Updated: Mar 12
This industry can be a perpetual knockout, if you let it. It's been diligently pounding my face against the pavement for over a decade...but it's made me resilient. Bruised and scarred, sure...but I am still here. I want to share these struggles with you because I want to rise above them - and I want to help you move beyond them faster than I have.
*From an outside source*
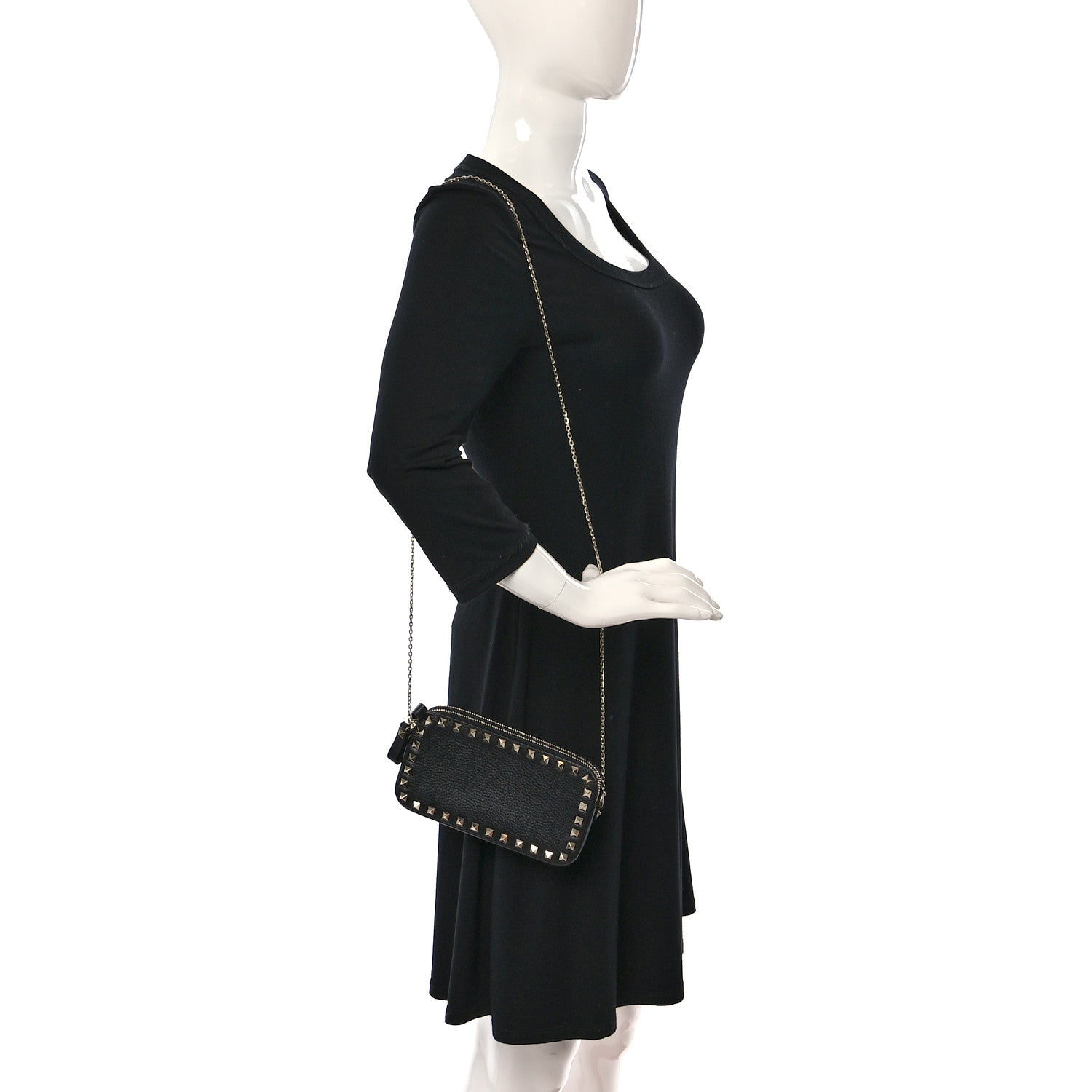 Valentino Garavani Pebbled Calfskin Rockstud Small Chain Shoulder Bag Black 2 of 10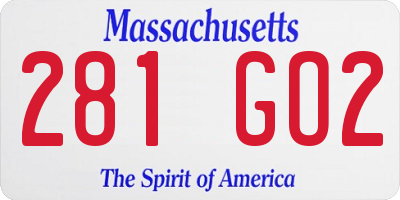 MA license plate 281GO2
Last Thursday, I had an audition. It went super well. In fact, they clapped for me when it was done. But you know what? I didn't book it. And that is okay for me...now. Before, I would anguish over what I could've done to make them hire me or why, in the end, it wasn't enough. Now, I realize I could have done nothing more than I did. I came in, prepared and confident. I was enough - and so are you in your efforts. In those moments, even when we fail, we're enough. Because we showed up and at least learned something from the experience. Perhaps they will hire a male, someone older, younger, blonde or redhead - and although those descriptors may belong to someone else, our turn is coming. There is room for everyone to have success. To celebrate their win is to celebrate their struggle and, in turn, our own journey. To celebrate them is to celebrate the continuation of art and the artistic medium.
Sending you all love and encouragement from afar - and celebrating your journey.
I don't know about you, but sometimes I STRUGGLE with trying to find the motivation to do the things that need to be done for success. It's that easy distraction, that extra piece of pie, that problem that is out of my control...but this year, I have found that I am taking firmer control myself. It's been a beast, to be honest, to break those bad habits...but I want more in this life and I can't expect things to change if I don't vary my approach. To do that, I have tried to establish a firm infrastructure to ensure that I have an external accountability as well. And a plan. And specific goals. Specificity is key for me. That's been my main lack - not being specific enough with my goals. Not speaking them aloud. Not celebrating the small successes. Those are the things that I've been doing this year.